DeliverGPT: Location-Goal Embodied Navigation for Drone Delivery with Large Pre-Trained Models
Author
Baining Zhao
, Chen Gao
, Zile Zhou
, Yanggang Xu
,Weichen Zhang
, Qian Zhang
, Susu Xu
, Jinqiang Cui
,Xinlei Chen
, Yong Li
Introduction
Task Description
DeliverGPT Framework
To address the mentioned above challenges, we propose an embodied agent named DeliverGPT. We first construct agent's comprehensive perception of the environment. We then develop spatial planning capabilities for the agent and convert the planning results into drone motion. Additionally, we design the memory module to assist the agent in spatial perception and planning for similar delivery tasks.
Major Result
| Method | Easy | Normal | Hard | ||||||
|---|---|---|---|---|---|---|---|---|---|
| SR/% ↑ | SPL/% ↑ | DTG/m ↓ | SR/% ↑ | SPL/% ↑ | DTG/m ↓ | SR/% ↑ | SPL/% ↑ | DTG/m ↓ | |
| Random | 0 | 0 | 80.2 | 0 | 0 | 146.1 | 0 | 0 | 227.9 |
| Action Sampling | 0.2 | 0.1 | 209.7 | 0.1 | 0 | 305.5 | 0 | 0 | 389.4 |
| AG-GPT4 | 5.5 | 3.2 | 112.1 | 2.6 | 1.7 | 180.4 | 1.4 | 0.8 | 297.1 |
| NavGPT | 17.8 | 10.6 | 57.4 | 12.3 | 7.4 | 109.9 | 7.0 | 5.8 | 231.5 |
| CoW | 9.0 | 5.9 | 72.6 | 5.8 | 3.1 | 132.8 | 3.5 | 2.4 | 207.7 |
| SayNav | 25.9 | 19.7 | 55.0 | 19.7 | 15.3 | 90.2 | 10.8 | 7.4 | 183.5 |
| DeliverGPT | 41.4 | 33.7 | 45.2 | 35.9 | 30.6 | 72.3 | 23.1 | 16.8 | 130.3 |
All delivery cases were categorized into three difficulty levels: easy, normal, and hard, corresponding to navigation distances of 0-100m, 100m-200m, and >200m, respectively. The results lead us to the following observations. DeliverGPT outperforms other methods across various difficulty scenarios, especially in the hard scenario where it achieves SR and SPL scores that are more than twice those of the other methods. Additionally, its DTG is significantly lower than that of other methods, indicating that the drone's final position is close to the goal location. This highlights the importance of the agent's spatial perception and spatial planning abilities in outdoor urban conditions, emphasizing the significance of these capabilities compared to relevant embodied methods in indoor settings.

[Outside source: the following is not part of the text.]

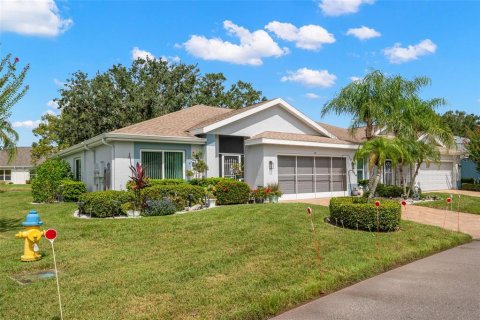 Condominio en alquiler en Sun City Center, Florida, 2 dormitorios, 144.56 m2 № 1902352 - foto 4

Case Analysis and Ablation Study of Semantic Graph
Conclusion
We introduce the location-goal embodied task for drone delivery and construct a benchmark including the simulator, dataset, and platform. Furthermore, we propose a large pre-trained model-empowered agent, which builds its spatial perception and planning capabilities around a semantic graph tailored for large-scale urban environments. The long-term memory mechanism simulates the human skill acquisition process, emphasizing that practice leads to proficiency. The experiment results illustrate the effectiveness of our simulator and method from different perspectives.